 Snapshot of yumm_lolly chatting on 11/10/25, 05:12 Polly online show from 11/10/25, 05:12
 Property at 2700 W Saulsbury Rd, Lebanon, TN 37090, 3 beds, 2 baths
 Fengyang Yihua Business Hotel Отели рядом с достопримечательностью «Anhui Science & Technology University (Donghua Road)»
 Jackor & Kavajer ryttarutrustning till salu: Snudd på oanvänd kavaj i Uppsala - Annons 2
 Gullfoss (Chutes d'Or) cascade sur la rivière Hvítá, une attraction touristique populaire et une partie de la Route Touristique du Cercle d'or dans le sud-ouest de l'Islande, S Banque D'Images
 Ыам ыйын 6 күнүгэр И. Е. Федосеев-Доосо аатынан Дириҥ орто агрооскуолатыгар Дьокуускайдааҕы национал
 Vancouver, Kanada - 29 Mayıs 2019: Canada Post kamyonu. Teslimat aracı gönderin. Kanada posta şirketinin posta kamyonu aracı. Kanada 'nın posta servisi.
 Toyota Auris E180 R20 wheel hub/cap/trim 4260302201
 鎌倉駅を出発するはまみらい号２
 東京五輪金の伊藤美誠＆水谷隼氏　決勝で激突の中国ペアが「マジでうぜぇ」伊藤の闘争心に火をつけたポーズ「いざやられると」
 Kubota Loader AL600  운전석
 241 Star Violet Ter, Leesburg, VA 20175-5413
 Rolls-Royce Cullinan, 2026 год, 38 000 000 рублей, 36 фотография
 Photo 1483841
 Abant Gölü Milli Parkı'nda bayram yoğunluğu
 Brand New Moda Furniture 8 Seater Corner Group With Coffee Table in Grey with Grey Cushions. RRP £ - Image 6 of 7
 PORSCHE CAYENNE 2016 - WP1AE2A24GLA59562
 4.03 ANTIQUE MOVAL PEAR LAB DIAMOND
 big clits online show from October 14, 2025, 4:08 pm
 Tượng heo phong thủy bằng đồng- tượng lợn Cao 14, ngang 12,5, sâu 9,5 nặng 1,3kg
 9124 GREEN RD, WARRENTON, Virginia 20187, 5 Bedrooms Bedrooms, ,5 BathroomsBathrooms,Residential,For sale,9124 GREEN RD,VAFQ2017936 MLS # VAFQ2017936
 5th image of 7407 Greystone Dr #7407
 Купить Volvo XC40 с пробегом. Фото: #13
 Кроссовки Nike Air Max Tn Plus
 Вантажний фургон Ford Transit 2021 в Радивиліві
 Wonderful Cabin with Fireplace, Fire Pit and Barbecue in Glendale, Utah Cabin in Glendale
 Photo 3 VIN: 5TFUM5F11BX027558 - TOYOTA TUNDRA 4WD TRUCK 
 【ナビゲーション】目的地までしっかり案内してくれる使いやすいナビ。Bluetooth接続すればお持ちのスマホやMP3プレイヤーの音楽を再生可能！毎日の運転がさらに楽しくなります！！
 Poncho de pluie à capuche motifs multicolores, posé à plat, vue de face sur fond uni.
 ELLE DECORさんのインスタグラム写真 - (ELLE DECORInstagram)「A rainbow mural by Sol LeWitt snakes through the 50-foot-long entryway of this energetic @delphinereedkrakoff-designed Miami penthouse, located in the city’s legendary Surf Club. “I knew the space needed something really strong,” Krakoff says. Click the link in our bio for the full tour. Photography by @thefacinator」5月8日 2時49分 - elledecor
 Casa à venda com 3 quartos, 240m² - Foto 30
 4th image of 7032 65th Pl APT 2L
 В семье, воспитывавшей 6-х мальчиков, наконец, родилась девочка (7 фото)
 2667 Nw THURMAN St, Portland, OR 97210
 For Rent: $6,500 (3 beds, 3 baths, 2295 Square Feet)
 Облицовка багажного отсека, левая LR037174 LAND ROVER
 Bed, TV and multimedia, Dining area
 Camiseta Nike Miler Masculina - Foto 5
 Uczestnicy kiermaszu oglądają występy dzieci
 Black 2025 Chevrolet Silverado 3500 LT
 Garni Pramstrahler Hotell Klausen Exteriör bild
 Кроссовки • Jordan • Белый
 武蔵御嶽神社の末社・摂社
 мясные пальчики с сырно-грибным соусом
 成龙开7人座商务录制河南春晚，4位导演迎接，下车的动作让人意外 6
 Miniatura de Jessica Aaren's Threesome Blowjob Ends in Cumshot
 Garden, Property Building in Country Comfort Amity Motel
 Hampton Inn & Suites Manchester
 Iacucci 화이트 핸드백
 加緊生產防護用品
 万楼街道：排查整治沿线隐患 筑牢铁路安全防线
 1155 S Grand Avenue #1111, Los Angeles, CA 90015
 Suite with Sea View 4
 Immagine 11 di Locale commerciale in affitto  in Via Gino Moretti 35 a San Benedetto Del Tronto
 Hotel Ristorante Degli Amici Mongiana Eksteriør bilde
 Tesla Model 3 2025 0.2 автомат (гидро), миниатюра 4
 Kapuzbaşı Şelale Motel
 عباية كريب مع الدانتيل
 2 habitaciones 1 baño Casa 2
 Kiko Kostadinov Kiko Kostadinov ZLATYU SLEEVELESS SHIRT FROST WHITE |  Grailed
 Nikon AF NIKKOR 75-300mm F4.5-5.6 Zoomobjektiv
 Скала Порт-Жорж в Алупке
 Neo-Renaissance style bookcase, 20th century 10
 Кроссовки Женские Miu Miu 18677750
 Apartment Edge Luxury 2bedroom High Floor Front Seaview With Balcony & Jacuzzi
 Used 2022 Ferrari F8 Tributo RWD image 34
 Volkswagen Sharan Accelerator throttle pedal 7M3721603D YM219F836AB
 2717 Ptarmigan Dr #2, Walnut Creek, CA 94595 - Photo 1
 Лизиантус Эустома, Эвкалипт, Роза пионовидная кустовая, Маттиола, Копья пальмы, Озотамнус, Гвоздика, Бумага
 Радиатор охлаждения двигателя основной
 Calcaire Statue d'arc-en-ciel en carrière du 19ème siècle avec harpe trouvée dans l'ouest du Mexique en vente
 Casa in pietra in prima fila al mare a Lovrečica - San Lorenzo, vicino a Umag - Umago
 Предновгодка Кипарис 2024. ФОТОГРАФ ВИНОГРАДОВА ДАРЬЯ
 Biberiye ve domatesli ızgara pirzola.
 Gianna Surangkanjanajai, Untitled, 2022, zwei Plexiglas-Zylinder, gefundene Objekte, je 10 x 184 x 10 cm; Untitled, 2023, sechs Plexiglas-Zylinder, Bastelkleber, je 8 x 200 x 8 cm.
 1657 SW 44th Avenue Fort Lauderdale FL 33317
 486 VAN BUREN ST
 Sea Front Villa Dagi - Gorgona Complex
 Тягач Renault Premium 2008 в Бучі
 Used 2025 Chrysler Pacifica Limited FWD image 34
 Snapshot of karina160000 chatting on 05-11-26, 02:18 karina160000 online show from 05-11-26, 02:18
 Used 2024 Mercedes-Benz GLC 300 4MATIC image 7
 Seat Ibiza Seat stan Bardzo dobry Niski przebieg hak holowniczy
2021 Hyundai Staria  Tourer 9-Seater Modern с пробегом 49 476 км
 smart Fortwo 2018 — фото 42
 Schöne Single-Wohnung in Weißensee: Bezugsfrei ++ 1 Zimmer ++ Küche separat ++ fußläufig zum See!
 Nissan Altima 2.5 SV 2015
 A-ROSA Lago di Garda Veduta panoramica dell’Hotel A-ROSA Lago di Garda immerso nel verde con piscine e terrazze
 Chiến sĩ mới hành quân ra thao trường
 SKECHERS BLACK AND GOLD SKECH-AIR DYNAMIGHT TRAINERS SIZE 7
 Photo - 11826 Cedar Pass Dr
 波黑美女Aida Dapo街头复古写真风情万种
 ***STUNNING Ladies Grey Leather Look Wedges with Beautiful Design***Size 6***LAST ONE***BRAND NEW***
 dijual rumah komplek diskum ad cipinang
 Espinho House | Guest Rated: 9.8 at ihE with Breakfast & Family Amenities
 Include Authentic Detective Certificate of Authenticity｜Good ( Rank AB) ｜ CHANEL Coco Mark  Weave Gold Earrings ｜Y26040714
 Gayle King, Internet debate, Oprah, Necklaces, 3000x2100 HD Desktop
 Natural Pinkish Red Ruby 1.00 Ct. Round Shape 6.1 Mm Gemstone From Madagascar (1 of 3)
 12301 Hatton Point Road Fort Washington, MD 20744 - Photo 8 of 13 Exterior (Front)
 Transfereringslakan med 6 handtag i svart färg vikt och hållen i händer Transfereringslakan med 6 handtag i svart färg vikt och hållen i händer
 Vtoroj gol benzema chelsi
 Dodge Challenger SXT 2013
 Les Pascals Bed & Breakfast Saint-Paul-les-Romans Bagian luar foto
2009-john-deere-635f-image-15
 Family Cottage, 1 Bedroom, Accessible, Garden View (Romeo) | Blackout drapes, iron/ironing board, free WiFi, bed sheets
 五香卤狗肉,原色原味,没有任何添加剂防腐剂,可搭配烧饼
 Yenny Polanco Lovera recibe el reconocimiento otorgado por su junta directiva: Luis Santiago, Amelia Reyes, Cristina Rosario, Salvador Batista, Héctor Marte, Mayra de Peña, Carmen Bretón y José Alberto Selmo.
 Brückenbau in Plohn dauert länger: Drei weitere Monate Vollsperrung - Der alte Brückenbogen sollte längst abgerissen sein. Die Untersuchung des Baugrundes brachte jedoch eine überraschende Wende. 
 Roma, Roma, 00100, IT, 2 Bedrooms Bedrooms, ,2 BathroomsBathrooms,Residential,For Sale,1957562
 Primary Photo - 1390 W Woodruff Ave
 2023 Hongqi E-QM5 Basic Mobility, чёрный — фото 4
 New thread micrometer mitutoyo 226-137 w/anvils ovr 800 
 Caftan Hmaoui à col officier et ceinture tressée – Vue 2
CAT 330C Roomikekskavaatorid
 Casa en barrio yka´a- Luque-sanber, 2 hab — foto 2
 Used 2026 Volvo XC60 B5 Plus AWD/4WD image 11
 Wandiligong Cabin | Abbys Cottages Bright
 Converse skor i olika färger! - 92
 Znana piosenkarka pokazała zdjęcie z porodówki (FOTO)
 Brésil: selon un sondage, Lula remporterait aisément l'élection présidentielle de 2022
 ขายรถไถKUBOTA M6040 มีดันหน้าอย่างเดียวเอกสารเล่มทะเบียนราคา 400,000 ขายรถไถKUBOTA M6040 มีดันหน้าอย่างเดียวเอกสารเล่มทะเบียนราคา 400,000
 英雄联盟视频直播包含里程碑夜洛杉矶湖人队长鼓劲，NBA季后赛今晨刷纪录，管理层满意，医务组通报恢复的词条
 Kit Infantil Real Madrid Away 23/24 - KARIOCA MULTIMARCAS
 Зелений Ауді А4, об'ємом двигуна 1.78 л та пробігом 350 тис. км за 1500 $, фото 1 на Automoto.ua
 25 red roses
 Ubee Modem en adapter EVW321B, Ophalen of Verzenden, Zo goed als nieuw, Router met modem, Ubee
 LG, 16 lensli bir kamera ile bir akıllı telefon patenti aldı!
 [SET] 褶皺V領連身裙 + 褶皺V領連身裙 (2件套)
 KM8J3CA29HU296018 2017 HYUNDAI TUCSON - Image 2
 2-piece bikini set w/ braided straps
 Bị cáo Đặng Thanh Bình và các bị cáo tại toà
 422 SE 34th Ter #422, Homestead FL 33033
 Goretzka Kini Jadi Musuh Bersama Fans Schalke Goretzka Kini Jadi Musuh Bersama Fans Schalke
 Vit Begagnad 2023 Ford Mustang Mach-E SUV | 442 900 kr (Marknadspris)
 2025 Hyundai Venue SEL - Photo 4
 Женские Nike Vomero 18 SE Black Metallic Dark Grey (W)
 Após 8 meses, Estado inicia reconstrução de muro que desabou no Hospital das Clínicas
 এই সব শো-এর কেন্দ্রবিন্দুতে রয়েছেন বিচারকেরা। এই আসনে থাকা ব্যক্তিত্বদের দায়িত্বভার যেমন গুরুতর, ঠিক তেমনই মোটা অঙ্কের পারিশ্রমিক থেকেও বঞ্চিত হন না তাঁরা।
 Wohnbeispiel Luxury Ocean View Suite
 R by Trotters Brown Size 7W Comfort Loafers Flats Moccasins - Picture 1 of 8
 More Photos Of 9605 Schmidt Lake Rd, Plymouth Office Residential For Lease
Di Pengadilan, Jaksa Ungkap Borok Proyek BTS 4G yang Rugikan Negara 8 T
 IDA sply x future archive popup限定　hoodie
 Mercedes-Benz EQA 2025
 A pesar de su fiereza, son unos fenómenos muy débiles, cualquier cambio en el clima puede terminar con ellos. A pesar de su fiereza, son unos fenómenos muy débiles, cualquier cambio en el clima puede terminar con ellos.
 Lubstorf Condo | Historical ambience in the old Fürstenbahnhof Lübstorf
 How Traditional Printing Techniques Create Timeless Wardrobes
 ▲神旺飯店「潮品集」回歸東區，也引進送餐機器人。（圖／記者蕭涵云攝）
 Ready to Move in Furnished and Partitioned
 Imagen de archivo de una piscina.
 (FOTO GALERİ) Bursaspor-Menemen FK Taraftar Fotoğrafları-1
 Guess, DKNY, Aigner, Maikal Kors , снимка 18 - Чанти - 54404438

* * *

**Activity**
From the entries above, extract only the lines running from the one containing "鎌倉駅を出発するはまみらい号２" through the one containing "Tượng heo phong", inclusive.

**Task solution**
 鎌倉駅を出発するはまみらい号２
 東京五輪金の伊藤美誠＆水谷隼氏　決勝で激突の中国ペアが「マジでうぜぇ」伊藤の闘争心に火をつけたポーズ「いざやられると」
 Kubota Loader AL600  운전석
 241 Star Violet Ter, Leesburg, VA 20175-5413
 Rolls-Royce Cullinan, 2026 год, 38 000 000 рублей, 36 фотография
 Photo 1483841
 Abant Gölü Milli Parkı'nda bayram yoğunluğu
 Brand New Moda Furniture 8 Seater Corner Group With Coffee Table in Grey with Grey Cushions. RRP £ - Image 6 of 7
 PORSCHE CAYENNE 2016 - WP1AE2A24GLA59562
 4.03 ANTIQUE MOVAL PEAR LAB DIAMOND
 big clits online show from October 14, 2025, 4:08 pm
 Tượng heo phong thủy bằng đồng- tượng lợn Cao 14, ngang 12,5, sâu 9,5 nặng 1,3kg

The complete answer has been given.